Of course, according to our Sages, we should be trying to improve all aspects of ourselves, but that is a tall order for many of us. In fact, for many of us, successful Teshuva is measured in baby steps: “Perhaps I’ll spend less time criticizing people.” “Perhaps I’ll focus more on keeping the Sabbath properly,” etc.

But no matter the differences in our approaches to Teshuva, I like to think we all have one thing in common this time of year: We are looking for catalysts to help us in the Teshuva department. Who will be speaking in the community about Teshuva? Which videos are worth watching that may wake us up appropriately?

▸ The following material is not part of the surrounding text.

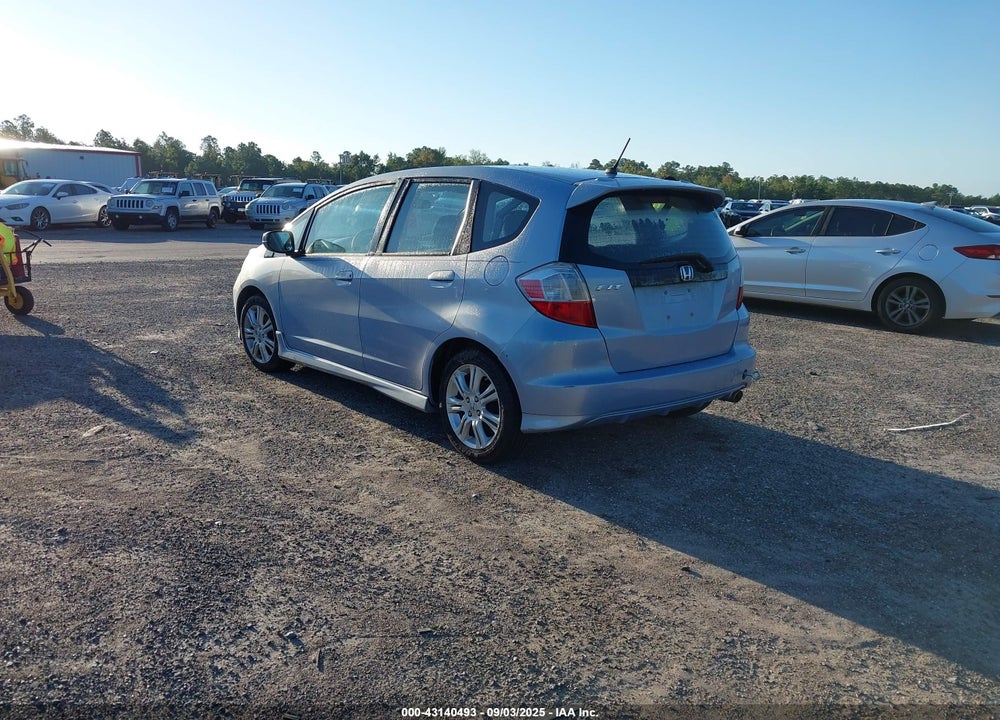 2010 HONDA FIT VIN: JHMGE8H48AC032781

Which classic Jewish texts may remind me of the proper way to behave?

It is in that light that I would like to recommend a new source of inspiration, one that could play a role in how you look at the world and Judaism this year. No, it’s not Yissocher Frand’s latest.  Not Jonathan Sacks’.  Nor Paysach Krohn’s.

Instead, it’s a book that, on the surface, seems to have nothing to do with how each of us can improve our Jewish observance. Rather, it’s a story.

The book, called Doublelife: One Family, Two Faiths and a Journey of Hope (2013, Longhill Press, 237 pp.), is about two people who first find each other and then find Torah Judaism.

It’s written in an easy-to-read fashion, structured as letters “sent” between Harold Berman and his now-wife Gayle Redlingshafer Berman, as their relationship developed over the course of more than 20 years.  (According to Mr. Berman, while the ideas contained within each letter are all true, most of the letters themselves were made up for literary purposes.) And it’s a remarkable story, filled with twists and turns that make the reader want to flip directly to the end to see how it ends. And while the end certainly does not disappoint, it’s spending the more than 200 pages in getting there that may prove the most useful to the reader, particularly at this time of year.

The story itself is simple: non-religious Jewish man meets non-Jewish woman and wants to marry her. He doesn’t care about Jewish observance, but does feel a basic sense of Jewish identity. She, a well-respected church choir singer and soloist, has a strong Christian background, but finds herself gravitating toward some concepts and ideas that are central to Judaism.

Still, even though we’ve heard this story before, about a mixed marriage couple that becomes more religious as time goes by (even with the gentile spouse going through a proper conversion), it is the letter-centric format of Doublelife that wakes up the reader.

As Harold and Gayle ask themselves and each other key questions about Judaism and God, the reader is right with them, asking and trying to answer the same questions.

As Gayle questions the difficulties associated with Orthodox life, such as separate seating in the synagogue, the reader has no choice but to think about them as well.

And when Harold and Gayle come to the realization that Judaism is only worth it when observance is done to the fullest extent that one is able, the reader is forced to look in the mirror and ask him/herself the question that is on all of our minds this time of year.

Am I doing what I should be doing as a Jew?

If you are not looking for the intense introspective experience that this writer had while reading Doublelife, not to worry.  This simple, pleasant book has a story that stands alone as strong and interesting.

But if you are looking, as written above, for a catalyst for spiritual growth during this intense time of year, Doublelife just might set your mind in the right direction.